5 Stars 4 Stars 3 Stars 2 Stars 1 Star
No reviews
Decadent chocolate M&M’s and chocolate chip cookie dough ice cream cake layered with vanilla ice cream, crushed Oreos, and rich chocolate ganache. A fun frozen dessert perfect for parties and celebrations.
2 cups edible chocolate chip cookie dough
1.5 quarts vanilla ice cream
1 cup mini M&M’s
1 cup crushed mini Oreos
3/4 cup chocolate ganache (or melted chocolate chips with cream)
1 cup whipped topping or whipped cream
1/2 cup mini chocolate chip cookies (optional)
1 tablespoon butter (optional, for greasing pan)
Line an 8–9 inch springform pan with parchment paper or plastic wrap. Lightly grease with butter if desired.
Press 1 cup of edible cookie dough firmly into the bottom of the pan to create the base layer. Freeze for 20 minutes to set.
Let the vanilla ice cream soften at room temperature for 10–15 minutes until spreadable.
In a large bowl, fold half of the mini M&M’s, crushed Oreos, and 1/2 cup whipped topping into the softened ice cream.
Spread half of the ice cream mixture over the cookie dough base and smooth the top.
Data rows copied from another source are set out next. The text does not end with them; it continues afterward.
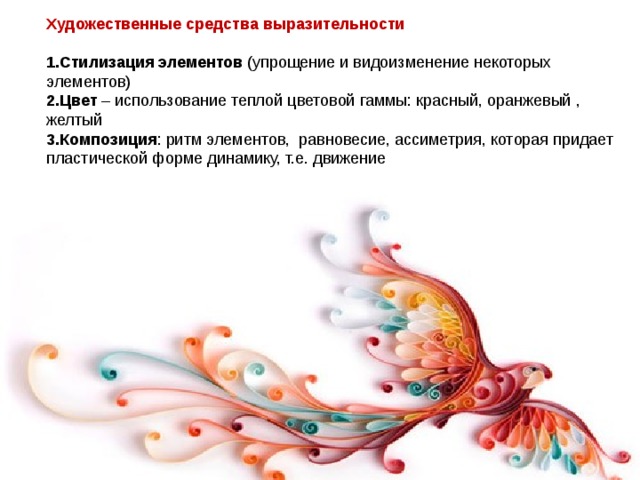 Художественные средства выразительности  Стилизация элементов (упрощение и видоизменение некоторых элементов) Цвет – использование теплой цветовой гаммы: красный, оранжевый , желтый Композиция : ритм элементов, равновесие, ассиметрия, которая придает пластической форме динамику, т.е. движение   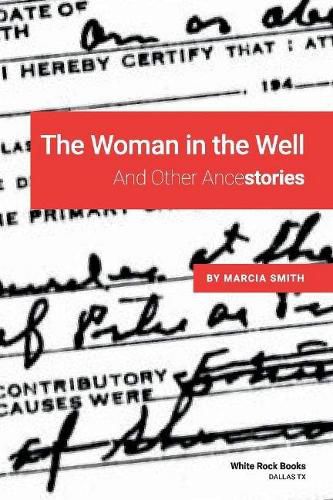 Cover image for The Woman in the Well: And Other Ancestories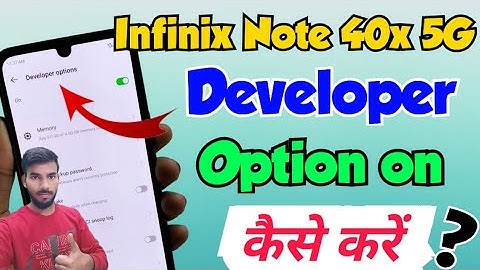 Infinix Note 40x 5G me developer option kaise enable kare | infinix note 40x 5g developer options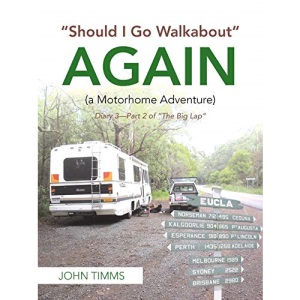 Should I Go Walkabout Again (A Motorhome Adventure): Diary 3-Part 2 of The Big Lap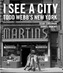 I See A City: Todd Webb's New York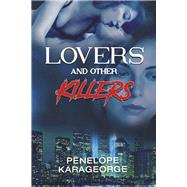 Lovers and Other Killers by Karageorge, Penelope, 9781667860329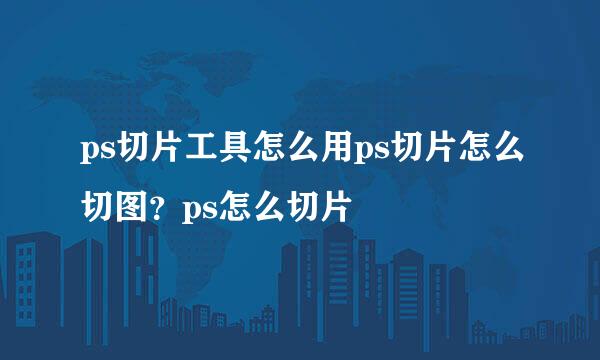 ps切片工具怎么用ps切片怎么切图？ps怎么切片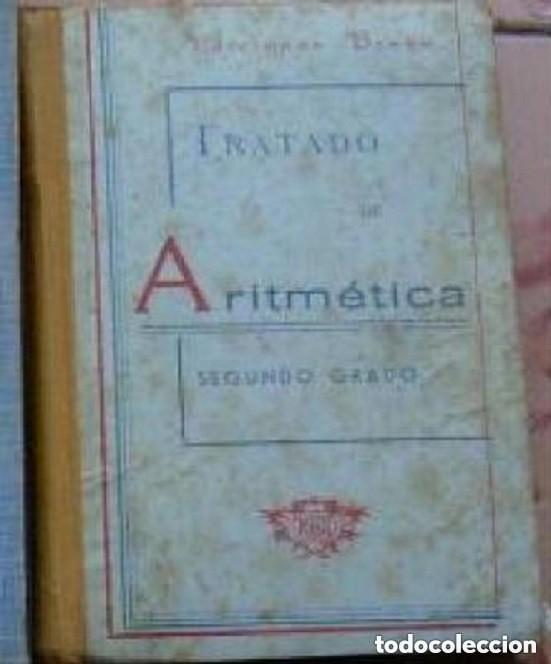 Libros de segunda mano: TRATADO DE ARITMETICA Segundo Grado a&ntilde;os 50 - portadas sucias e interior, ver foto
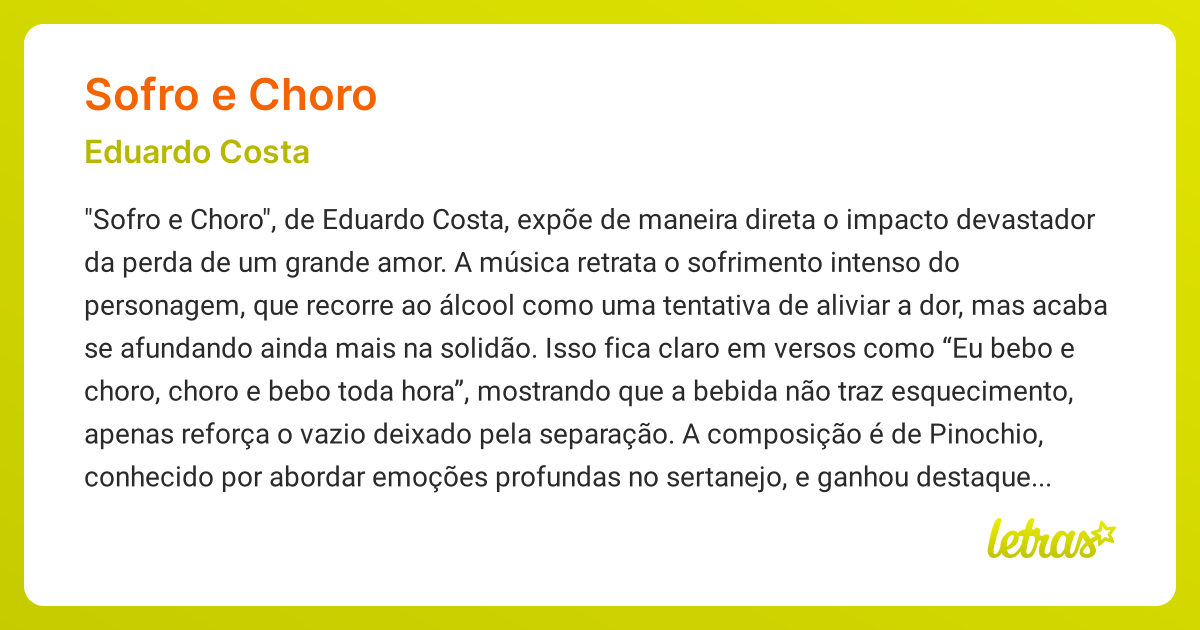 Significado da música SOFRO E CHORO (Eduardo Costa) - LETRAS.MUS.BR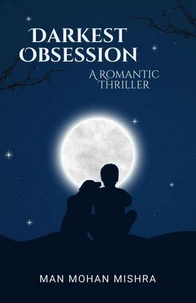 Darkest Obsession: A Romantic Thriller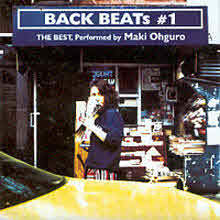 Maki Ohguro (오구로 마키,大&#40658;摩季) - BACK BEATS #1 - BEST (일본수입/jbcj1004)
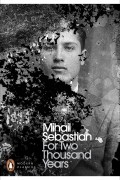 Mihail Sebastian - For Two Thousand Years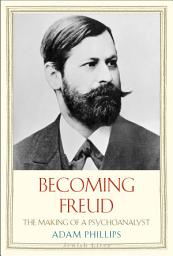 Icon image Becoming Freud: The Making of a Psychoanalyst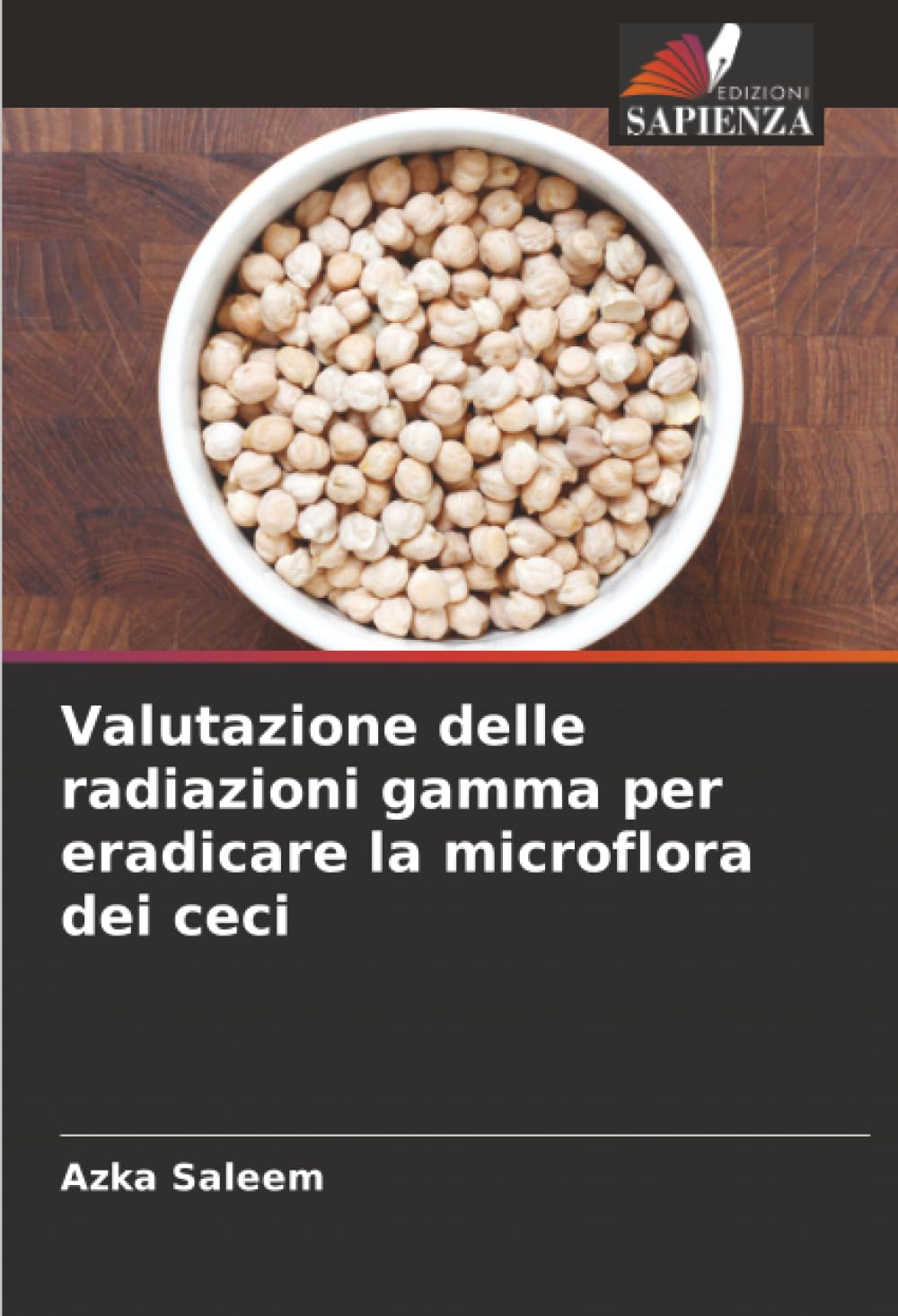 Valutazione delle radiazioni gamma per eradicare la microflora dei ceci Natural Sciences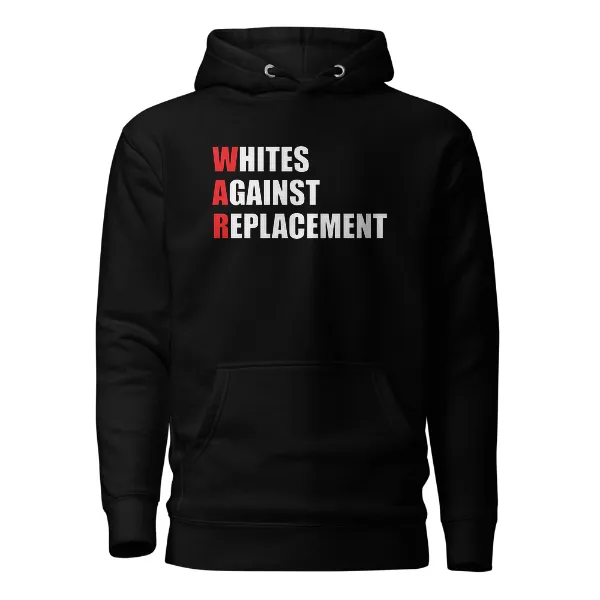 WAR Whites Against Replacement - Mens • Hoodie • Premium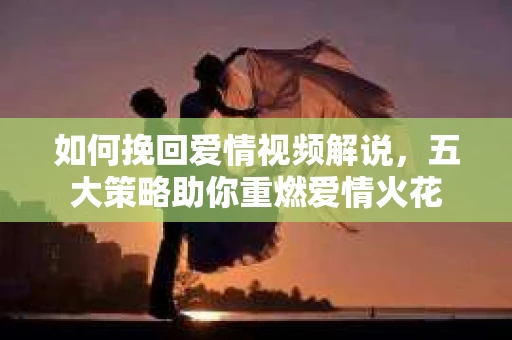 如何挽回爱情视频解说，五大策略助你重燃爱情火花
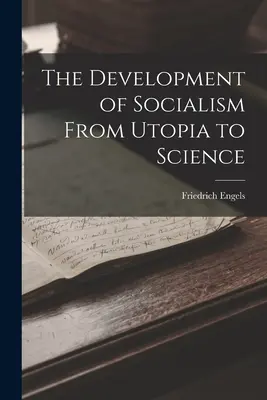 El desarrollo del socialismo de la utopía a la ciencia - The Development of Socialism From Utopia to Science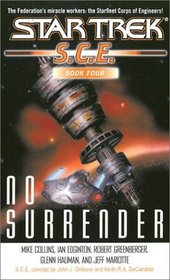 No Surrender (Star Trek: S.C.E., Book Four)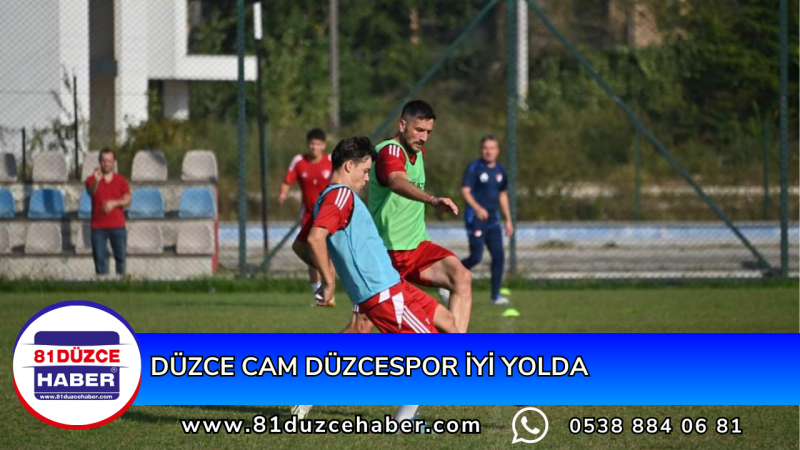 DÜZCE CAM DÜZCESPOR İYİ YOLDA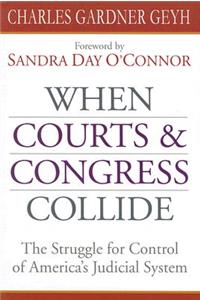 When Courts & Congress Collide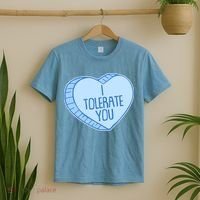 Funny Anti Valentines Day I Tolerate You Candy Heart T-Shirt thumb 2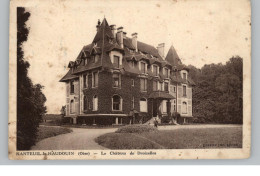 F 60440 NANTEUIL - LE - HAUDOUIN, Le Chateau De  Droizelles - Nanteuil-le-Haudouin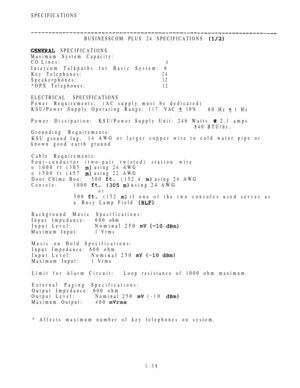 Page 47SPECIFICATIONS
BUSINESSCOM PLUS 24 SPECIFICATIONS 
 SPECIFICATIONS
Maximum System Capacity:
CO Lines:
8
Intercom Talkpaths for Basic System: 6
Key Telephones:
24
Speakerphones:12
*OPX Telephones:12
ELECTRICAL SPECIFICATIONS
Power Requirements:(AC supply must be dedicated)
KSU/Power Supply Operating Range: 117 VAC 
 10%
60 Hz  1 Hz
Power Dissipation:KSU/Power Supply Unit: 246 Watts 
 2.1 amps
840 BTU/hr.
Grounding Requirements:
KSU ground lug,14 AWG or larger copper wire to cold water pipe or
known good...
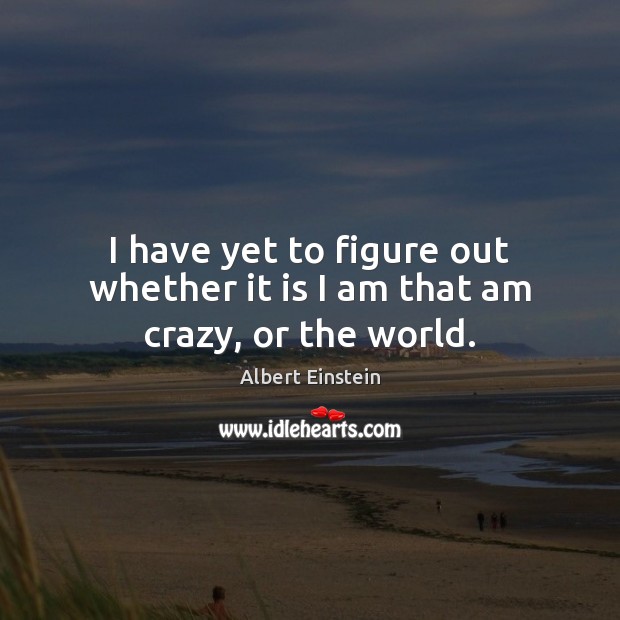 I have yet to figure out whether it is I am that am crazy, or the world. Albert Einstein Picture Quote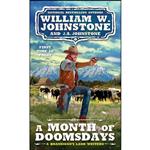 کتاب A Month of Doomsdays  اثر William W. Johnstone,J.A. Johnstone انتشارات Kensington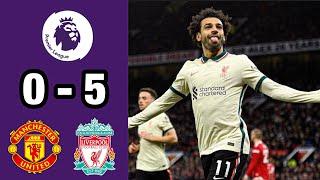 Manchester United vs Liverpool (0-5) | Extended Highlights and Goals - Premier League 2021/22 (HD)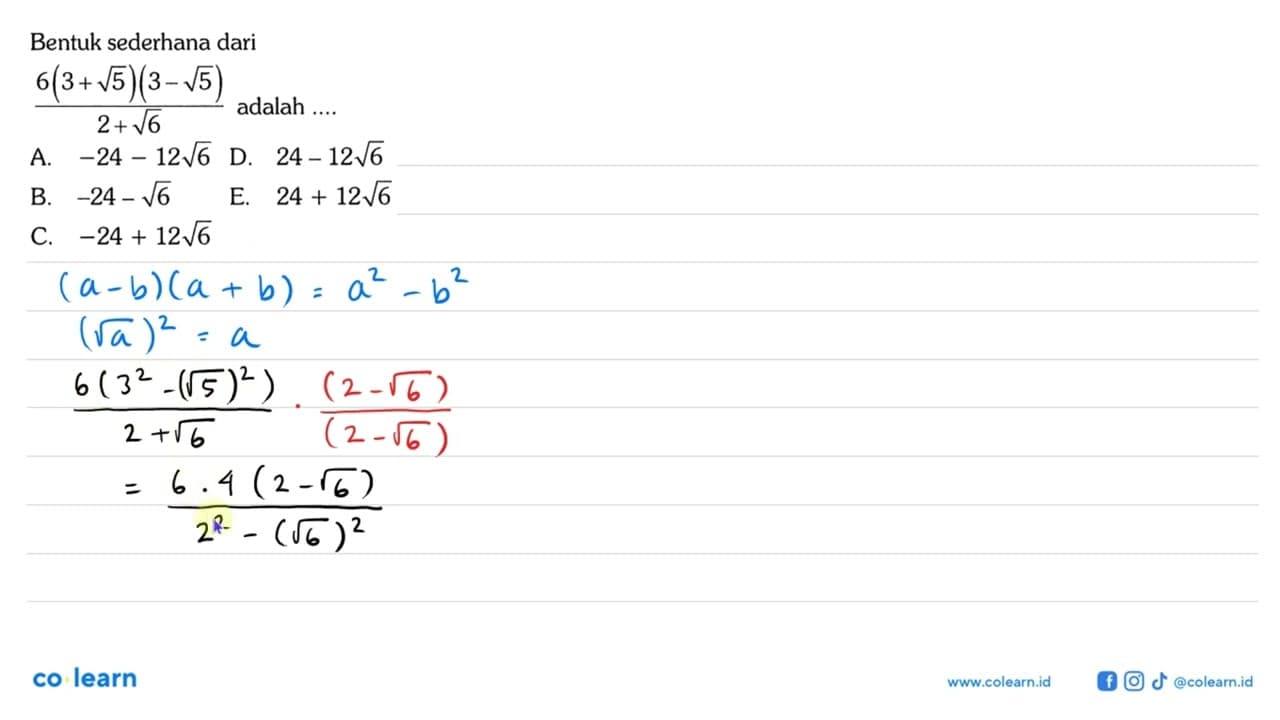 Bentuk sederhana dari (6(3 + akar(5))(3 - akar(5))/(2 +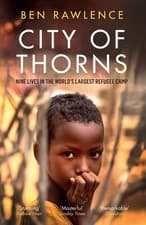 Image of City of Thorns: Nine Lives in the World's Largest Refugee Camp by Ben Rawlence (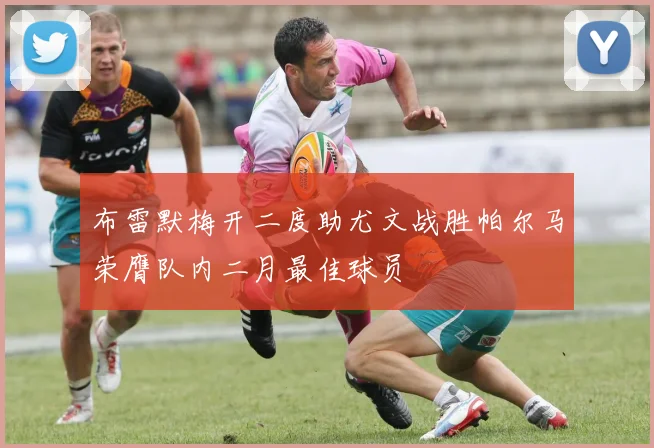 布雷默梅开二度助尤文战胜帕尔马荣膺队内二月最佳球员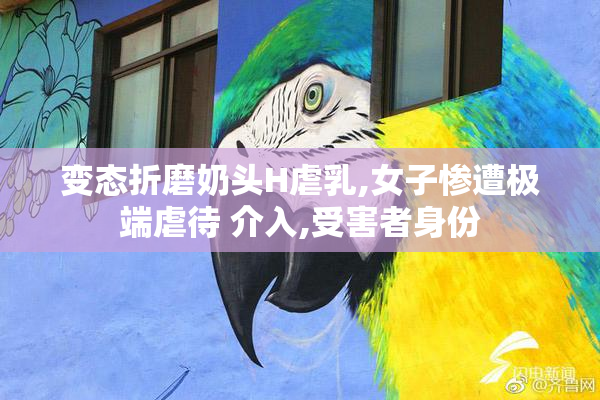 变态折磨奶头H虐乳,女子惨遭极端虐待 介入,受害者身份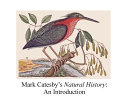 Mark Catesby's Natural History : an introduction / by Sylvia W. Bacon, E. Charles Nelson & David J. Elliott.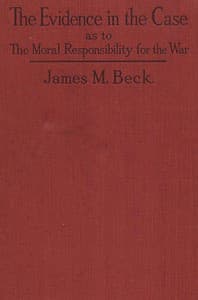 The Evidence in the Case
A Discussion of the Moral Responsibility for the War of 1914, as Disclosed by the Diplomatic Records of England, Germany, Russia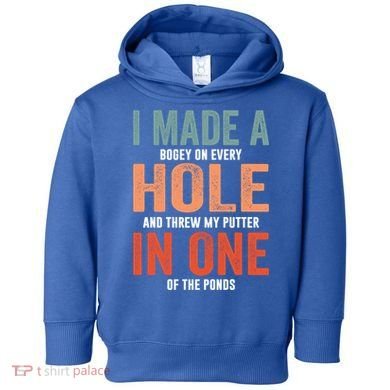 Hole In One Funny I Made A Bogey On Every Hole Golf Funny Gift Toddler Hoodie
Freeze for 30 minutes.
Add another thin layer using the remaining cookie dough, then spread the remaining ice cream mixture evenly on top.
Freeze the cake for 4–6 hours or overnight until completely firm.
Remove the cake from the pan and place it on a serving plate.
Pour warm chocolate ganache over the top so it gently drips down the sides.
Decorate with the remaining M&M’s, crushed Oreos, whipped topping, and mini cookies if using.
Let sit 5–10 minutes before slicing with a warm knife and serve.
Make sure the cookie dough is edible and egg-free if it will not be baked.
Slightly softened ice cream spreads more evenly and prevents breaking the base layer.
Run a knife under hot water before slicing for clean cake slices.
Store leftovers tightly wrapped in the freezer for up to 1 week.